* **EXERCISE PROMPT**: Word for word, give again the lines of the material below, from the one holding "Lands' End Women's" to the last, with nothing added.
+++ DATASET ENTRIES
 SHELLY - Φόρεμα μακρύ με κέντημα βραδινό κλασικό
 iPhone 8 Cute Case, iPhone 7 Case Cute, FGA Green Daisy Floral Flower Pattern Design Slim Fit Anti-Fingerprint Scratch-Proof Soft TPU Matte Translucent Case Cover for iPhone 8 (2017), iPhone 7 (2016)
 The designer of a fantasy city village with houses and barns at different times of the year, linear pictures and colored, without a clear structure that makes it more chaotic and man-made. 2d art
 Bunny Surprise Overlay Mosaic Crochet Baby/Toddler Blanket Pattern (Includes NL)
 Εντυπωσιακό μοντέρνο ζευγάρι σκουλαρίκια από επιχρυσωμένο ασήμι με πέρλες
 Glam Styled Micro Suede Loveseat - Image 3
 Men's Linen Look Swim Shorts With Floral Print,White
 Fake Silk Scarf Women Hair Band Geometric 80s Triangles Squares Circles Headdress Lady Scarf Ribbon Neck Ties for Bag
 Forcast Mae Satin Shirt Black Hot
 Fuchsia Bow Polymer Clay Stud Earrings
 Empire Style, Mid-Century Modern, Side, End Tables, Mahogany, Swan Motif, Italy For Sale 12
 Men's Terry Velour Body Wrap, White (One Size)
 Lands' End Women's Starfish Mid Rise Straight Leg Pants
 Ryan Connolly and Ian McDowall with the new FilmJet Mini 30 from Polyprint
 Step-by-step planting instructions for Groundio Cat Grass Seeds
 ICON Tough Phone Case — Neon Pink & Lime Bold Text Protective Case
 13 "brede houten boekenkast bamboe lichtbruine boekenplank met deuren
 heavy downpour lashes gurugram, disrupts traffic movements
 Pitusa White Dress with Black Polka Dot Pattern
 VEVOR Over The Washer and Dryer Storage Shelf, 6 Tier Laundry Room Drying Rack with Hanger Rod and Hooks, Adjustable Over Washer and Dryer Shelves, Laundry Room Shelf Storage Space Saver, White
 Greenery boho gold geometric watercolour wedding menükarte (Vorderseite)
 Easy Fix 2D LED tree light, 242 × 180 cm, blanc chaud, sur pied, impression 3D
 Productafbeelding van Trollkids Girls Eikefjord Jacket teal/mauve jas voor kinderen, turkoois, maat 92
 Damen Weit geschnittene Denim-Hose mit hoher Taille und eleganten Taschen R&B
++++++
* **OUTPUT BELOW**:
 Lands' End Women's Starfish Mid Rise Straight Leg Pants
 Ryan Connolly and Ian McDowall with the new FilmJet Mini 30 from Polyprint
 Step-by-step planting instructions for Groundio Cat Grass Seeds
 ICON Tough Phone Case — Neon Pink & Lime Bold Text Protective Case
 13 "brede houten boekenkast bamboe lichtbruine boekenplank met deuren
 heavy downpour lashes gurugram, disrupts traffic movements
 Pitusa White Dress with Black Polka Dot Pattern
 VEVOR Over The Washer and Dryer Storage Shelf, 6 Tier Laundry Room Drying Rack with Hanger Rod and Hooks, Adjustable Over Washer and Dryer Shelves, Laundry Room Shelf Storage Space Saver, White
 Greenery boho gold geometric watercolour wedding menükarte (Vorderseite)
 Easy Fix 2D LED tree light, 242 × 180 cm, blanc chaud, sur pied, impression 3D
 Productafbeelding van Trollkids Girls Eikefjord Jacket teal/mauve jas voor kinderen, turkoois, maat 92
 Damen Weit geschnittene Denim-Hose mit hoher Taille und eleganten Taschen R&B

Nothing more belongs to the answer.